Jia Jin L.
Google
Rather average. The best dishes were the grilled goma tofu in a honey laced sauce, the hokkigai with a toothy texture and air of the sea, the firm and flavourful kanpachi zuke, and the DIY kanpyo “maki” aggressively seasoned with wasabi. The hanjuku ikura was a first and also nice and creamy. Those dishes were worthy of a high end sushi restaurant.
But many other dishes were also lacking. The akami zuke didn’t have the depth of colour and flavour one expects from the cut, the anago was falling apart, and the tamago was clearly overcooked and hard along the edges (you can literally see the hard browned edges travelling a good distance inward, unlike a well executed castella/pudding style tamago, which should have a paper thin browned layer).
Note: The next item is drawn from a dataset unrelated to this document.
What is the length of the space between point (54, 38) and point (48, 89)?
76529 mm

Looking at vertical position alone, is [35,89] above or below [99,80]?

There was also no attention to detail paid to the vibes and service. You could feel the pressure emanating from the chef as he called out for the hotate of his isobeyaki, and it didn’t come, only for him to call again. My gari went empty and the chef didn’t notice for 3 nigiris after, until I politely requested some. Some basic interactions were reserved for Japanese guests, which didn’t make me feel valued. (e.g. Both other groups were told that there was only the anago and kanpyo maki left, and asked if it was okay. We were only asked if we wanted supplements by the disciple after the meal, which felt like an afterthought.)
It was a pity. The ¥10-20k sushi omakase scene in Tokyo is heating up (e.g. 鮨 まさ, 佐野鮨), and having tried about 10 other places in the past few months in this price bracket, I felt they could do much better.